* **Work to complete**: Extract all records. Keep each one exact.

Data records:
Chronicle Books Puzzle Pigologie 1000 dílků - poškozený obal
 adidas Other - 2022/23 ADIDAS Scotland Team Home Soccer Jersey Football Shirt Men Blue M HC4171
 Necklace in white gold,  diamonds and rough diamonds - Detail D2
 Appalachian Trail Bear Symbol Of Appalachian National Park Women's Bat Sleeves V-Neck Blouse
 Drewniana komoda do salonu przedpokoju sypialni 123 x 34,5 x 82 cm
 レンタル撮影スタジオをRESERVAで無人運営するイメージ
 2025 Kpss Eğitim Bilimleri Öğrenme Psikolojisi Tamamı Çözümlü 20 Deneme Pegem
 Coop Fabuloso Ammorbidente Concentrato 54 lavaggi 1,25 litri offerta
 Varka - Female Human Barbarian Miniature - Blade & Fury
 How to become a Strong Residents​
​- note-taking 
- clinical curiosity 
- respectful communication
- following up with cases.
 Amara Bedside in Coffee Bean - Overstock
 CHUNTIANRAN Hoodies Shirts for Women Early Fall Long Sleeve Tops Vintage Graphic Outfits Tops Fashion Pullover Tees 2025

* **Answer to this task**:
Chronicle Books Puzzle Pigologie 1000 dílků - poškozený obal
 adidas Other - 2022/23 ADIDAS Scotland Team Home Soccer Jersey Football Shirt Men Blue M HC4171
 Necklace in white gold,  diamonds and rough diamonds - Detail D2
 Appalachian Trail Bear Symbol Of Appalachian National Park Women's Bat Sleeves V-Neck Blouse
 Drewniana komoda do salonu przedpokoju sypialni 123 x 34,5 x 82 cm
 レンタル撮影スタジオをRESERVAで無人運営するイメージ
 2025 Kpss Eğitim Bilimleri Öğrenme Psikolojisi Tamamı Çözümlü 20 Deneme Pegem
 Coop Fabuloso Ammorbidente Concentrato 54 lavaggi 1,25 litri offerta
 Varka - Female Human Barbarian Miniature - Blade & Fury
 How to become a Strong Residents​
​- note-taking 
- clinical curiosity 
- respectful communication
- following up with cases.
 Amara Bedside in Coffee Bean - Overstock
 CHUNTIANRAN Hoodies Shirts for Women Early Fall Long Sleeve Tops Vintage Graphic Outfits Tops Fashion Pullover Tees 2025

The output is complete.